Elle leur a parlé de moi et mon arrivée prochaine: la réaction a été ni de la joie ni de la peine mais plutôt... du désespoir!! Elle ne leur a pas dit que je parlais allemand, donc en gros ils s'attendent à une suite infinie de malentendus et de problèmes de communication... Eh oui, leur prof est allemande et cela représente une certaine sécurité de savoir qu'on peut toujours glisser dans l'autre langue s'il y a un problème.
Elle m'a donc conseillé de ne pas trop leur "dévoiler" mon allemand, pour qu'ils ne soient pas tentés de jouer la sécurité avec moi. Ça tombe bien, c'était bien mon projet...

D'après elle, elle a surtout envie de proposer aux élèves un enseignement motivant... elle compte donc sur moi pour les faire parler de l'actualité en France (par-fait), leur trouver des chansons et des poèmes sympa... mon boulot quoi!
En une heure de conversation avec elle toutes mes idées se sont clarifiées et concrétisées: bosser sur la langue des jeunes à partir d'extraits de "l'esquive", leur faire jouer des petits extraits de Molière (merci Marion!), leur montrer des extraits de journaux -papiers et télévisés - , leur passer "grand corps malade", Bénabar et Prévert, bosser sur Paris (la banlieue, le Vélib'...), sur les nouveaux auteurs de bd français...

Le gros mensonge du jour c'est lorsqu'elle m'a demandé si je n'étais pas déçue de ne pas travailler à Dresde. Ce à quoi j'ai dû répondre un grand "nein, überhaupt nicht!" qui n'était peut-être pas sincère, je l'avoue...

Nous sommes convenues que la première semaine serait pour moi de l'observation, histoire que les deux camps "moi" et "les élèves" s'apprivoisent. Elle en a profité pour me dire qu'elle aimerait parler régulièrement français avec moi, et que je suis libre de lui dire si je trouve que quelque chose cloche dans son cours.

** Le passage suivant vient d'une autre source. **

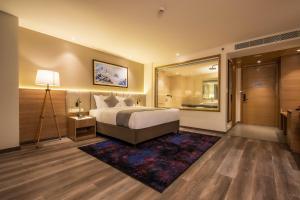 Postel nebo postele na pokoji v ubytování Best Western Plus Kathmandu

Une femme très ouverte, je pense que le courant va bien passer.

... bon, et maintenant j'ai vraiment hâte de m'y mettre!

Vendredi, départ pour Leipzig où je reste un petit week-end, et lundi matin je pars avec Lucie pour à Altenberg à côté de Cologne, où tous les assistants vont recevoir une formation de trois jours.
(Et pour ceux qui ne seront pas à Altenberg, allez voir la formation "extra" dispensée par Louise sur son blog... Prenez-en de la graine, mesdemoiselles!)

11 octobre 2007

Trois aspects de Dresde...


La RDA a laissé des traces dans certains quartiers de la ville, entre bâtiment glauques et fresques à la gloire du communisme... (cliquez sur la photo pour l'agrandir)


Vue sur la vieille ville et la Frauenkirche



Notre cuisine, gemütlich à souhait :)

08 octobre 2007

Premier bilan

Après un début de semaine assez dur, je reprends du poil de la bête.

Il m'a fallu comprendre et accepter une chose:

Ma WG de Dresde est l'extrême inverse de celle de Leipzig. Ce qui signifie: des gens qui s'aiment beaucoup, mais qui sont chacun très indépendants. Les garçons ont leurs copines à Leipzig, Katharina écrit son mémoire de fin d'études... chacun a beaucoup de choses à faire et vit sa vie. Ce qui contraste avec Leipzig, où tout le monde était très lié et restait beaucoup (trop) à la maison.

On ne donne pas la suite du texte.